Scholars that oppose the open integration of LGBTQ people in the military force admit that they can actually be effective soldiers. Arguments to ban LGBTQ people from military and police services are not based on the individuals' merit, but rather how individuals affect the group. In a conservative society, opponents believe that the presence of LGBTQ members will hamper the development of primary group cohesion, which is considered to be an important aspect in military effectiveness.
Those anti-integration arguments can be easily refuted. According to one study, cohesion in the military can still happen despite the members' diverse ethnicity, racial, and religious backgrounds. Moreover, the same study shows that cohesion in military forces is more likely to happen through situational and structural cohesion – such as common experiences, leadership, and spatial proximity – rather than the homogenous gender or sexual orientation of its members.
Although the problem of LGBTQ exclusion from the military is not exclusive to Indonesia, some countries have gradually accepted the integration of LGBTQ members into their services. The United States, for example, has allowed LGBTQ soldiers to serve openly in the armed forces after repealing the "Don't Ask, Don't Tell" (DADT) policy in 2010. Previously, the DADT policy allowed LGBTQ personnel to serve if they kept their sexual orientation secret. The policy itself was an improvement from the previous policy that totally outlawed LGBTQ personnel.

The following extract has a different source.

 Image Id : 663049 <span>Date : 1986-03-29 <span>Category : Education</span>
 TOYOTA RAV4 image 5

Similar reforms also happened in other countries such as Australia, Canada, Israel, and the U.K. In all these cases, integration did not result in large-scale conflict inside the military. In contrast, opening the military to the LGBTQ community opened a larger pool of talents and saved the military from trial costs and the need to hire new recruits in case of violation. Additionally, acceptance of LGBTQ personnel also plays a role in reflecting the values of equality and human rights.
Hence, it might be beneficial for Indonesia to undertake systematic change toward inclusive policies and practices. While allowing the LGBTQ community to serve openly in TNI and Polri might be still be a goal for the long-term future, the least the authorities can do to ensure inclusivity is to refrain from exploring service members' private lives. This agenda is actually in line with Indonesia's legal framework and post-reformation spirit to create a "professional military." By separating the professional and public life of its service members, TNI and Polri will be able to abolish gender-based discrimination based on subjective prejudice.

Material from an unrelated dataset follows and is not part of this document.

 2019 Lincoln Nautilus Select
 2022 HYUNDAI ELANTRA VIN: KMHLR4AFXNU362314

However, we should remember that discrimination against LGBTQ service members in TNI is not solely based on incriminating laws. The problem of acceptance lies in the overall perception of LGBTQ rights in Indonesia, where the LGBTQ community still faces widespread discrimination, prejudices, and legal challenges. The integration of the LGBTQ community into the force will not suddenly eliminate the social discrimination against LGBTQ servicemembers nor improve the culture of acceptance in the Indonesian society. Therefore, the Indonesian government's role is not limited to ensure inclusivity in TNI and Polri, but to improve the gender perception of Indonesian society.
Only after the perception toward the LGBTQ community has been improved can Indonesia have truly professional, inclusive, and gender-balanced military and police forces.
[Tangguh Chairil is a lecturer in security studies at the Department of International Relations at Binus University, Jakarta. Aisha R. Kusumasomantri is a lecturer in security studies at the Department of International Relations at the University of Indonesia, Depok. The views expressed are their own.]